Function Age(varBirthDate As Variant) As Integer
Dim varAge As Variant
If IsNull(varBirthDate) Then Age = 0: Exit Function
varAge = DateDiff("yyyy", varBirthDate, Now)
If DOB < DateSerial(Year(Now), Month(varBirthDate), _
Day(varBirthDate)) Then
varAge = varAge - 1
End If
Age = CInt(varAge)
End Function

.....to calculate the age.

The age field contains the following in the ControlSource property of the text box:
=Age([DOB]) & " yrs "

Please could you suggest a method that would allow meto calculate the ages as of 31 March & 1 Dec of the current year.

TIA

Jon

 

[raskew]

Hi-

The problem with your Age() function is that it doesn't provide the option of selecting a date other than today's date.
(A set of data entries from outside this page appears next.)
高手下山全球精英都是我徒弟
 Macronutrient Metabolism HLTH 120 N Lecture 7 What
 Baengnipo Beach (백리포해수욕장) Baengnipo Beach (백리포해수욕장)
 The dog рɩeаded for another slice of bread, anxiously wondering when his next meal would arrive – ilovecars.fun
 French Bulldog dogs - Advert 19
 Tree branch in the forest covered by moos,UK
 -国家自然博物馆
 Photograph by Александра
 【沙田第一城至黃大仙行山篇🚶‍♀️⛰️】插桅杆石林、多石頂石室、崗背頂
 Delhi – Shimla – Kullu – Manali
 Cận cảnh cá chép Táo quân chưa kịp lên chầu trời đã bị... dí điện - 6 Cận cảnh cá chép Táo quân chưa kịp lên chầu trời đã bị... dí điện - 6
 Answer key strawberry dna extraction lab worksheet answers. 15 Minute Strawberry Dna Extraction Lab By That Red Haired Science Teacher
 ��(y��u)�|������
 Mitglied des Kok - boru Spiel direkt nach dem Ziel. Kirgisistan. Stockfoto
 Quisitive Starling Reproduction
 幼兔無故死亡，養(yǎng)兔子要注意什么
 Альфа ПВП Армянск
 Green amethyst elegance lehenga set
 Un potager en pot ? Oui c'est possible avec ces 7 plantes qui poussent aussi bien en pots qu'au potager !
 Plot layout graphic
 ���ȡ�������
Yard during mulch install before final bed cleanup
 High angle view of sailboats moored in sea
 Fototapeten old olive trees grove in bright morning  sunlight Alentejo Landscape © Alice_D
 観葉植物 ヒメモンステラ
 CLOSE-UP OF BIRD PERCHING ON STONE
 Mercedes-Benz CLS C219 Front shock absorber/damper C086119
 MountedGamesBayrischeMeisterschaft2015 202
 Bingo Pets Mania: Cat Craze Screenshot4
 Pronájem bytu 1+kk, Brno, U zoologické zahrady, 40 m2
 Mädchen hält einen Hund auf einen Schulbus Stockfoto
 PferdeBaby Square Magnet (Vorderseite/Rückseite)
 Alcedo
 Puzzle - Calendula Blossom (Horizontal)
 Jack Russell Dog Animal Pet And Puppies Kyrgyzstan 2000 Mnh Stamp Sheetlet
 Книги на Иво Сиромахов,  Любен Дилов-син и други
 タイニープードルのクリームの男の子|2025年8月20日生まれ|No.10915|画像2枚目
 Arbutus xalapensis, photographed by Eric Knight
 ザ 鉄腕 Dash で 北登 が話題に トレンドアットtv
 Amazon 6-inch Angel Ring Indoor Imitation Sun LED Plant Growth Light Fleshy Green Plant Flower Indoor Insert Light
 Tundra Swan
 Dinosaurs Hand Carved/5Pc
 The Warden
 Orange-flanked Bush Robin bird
Here's a query based on Northwind's Employees table, which provides all three ages. You'll just need to substitute your table and field names.

SELECT
    Employees.LastName
  , Employees.FirstName
  , Employees.BirthDate
  , DateDiff("yyyy",[BirthDate],Date())+(Date()<DateSerial(Year(Date()),Month([Birthdate]),Day([BirthDate]))) AS ageNow
  , DateDiff("yyyy",[BirthDate],DateSerial(Year(Date()),3,31)+(DateSerial(Year(Date()),3,31)<DateSerial(Year(Date()),Month([Birthdate]),Day([BirthDate])))) AS age331
  , DateDiff("yyyy",[BirthDate],DateSerial(Year(Date()),12,1)+(DateSerial(Year(Date()),12,1)<DateSerial(Year(Date()),Month([Birthdate]),Day([BirthDate])))) AS age121
FROM
   Employees;

HTH - Bob

 

[IanH]

I've done something similar to what (I believe) you are trying to do.

I've output the code and a simple form into the attached database (winzipped). What I wasn't sure about was whether you were wanted to check against 31/12 and 31/03 this year or, for example if we were in June, 31/03 next year, but I'm sure you can amend the logic to fit.

Regards

Ian

 

[MarkK]

Fast and dirty

Subtract one date from another to return the number of days, and then divide by the number of days in a year to return the number of years. Use Abs() and the number is always positive.

Function YearDiff(d1 As Date, d2 As Date) As Byte
YearDiff = Abs((d2 - d1) / 365.25)
End Function

 

[Mile-O]

Function YearDiff(d1 As Date, d2 As Date) As Byte
YearDiff = Abs((d2 - d1) / 365.25)
End Function

Definitely dirty; it's not always accurate.

 

[MarkK]

Definitely dirty; it's not always accurate.

Hey, it only returns a byte. Might be off by a day if you happen to be 255 years old.

 

[IanH]

Hey, it only returns a byte. Might be off by a day if you happen to be 255 years old.

Have used this (and variants on this) in the past.

It works if you don't need to be absolutely accurate - can have problems if the birthday is on the same day as the date you are comparing against.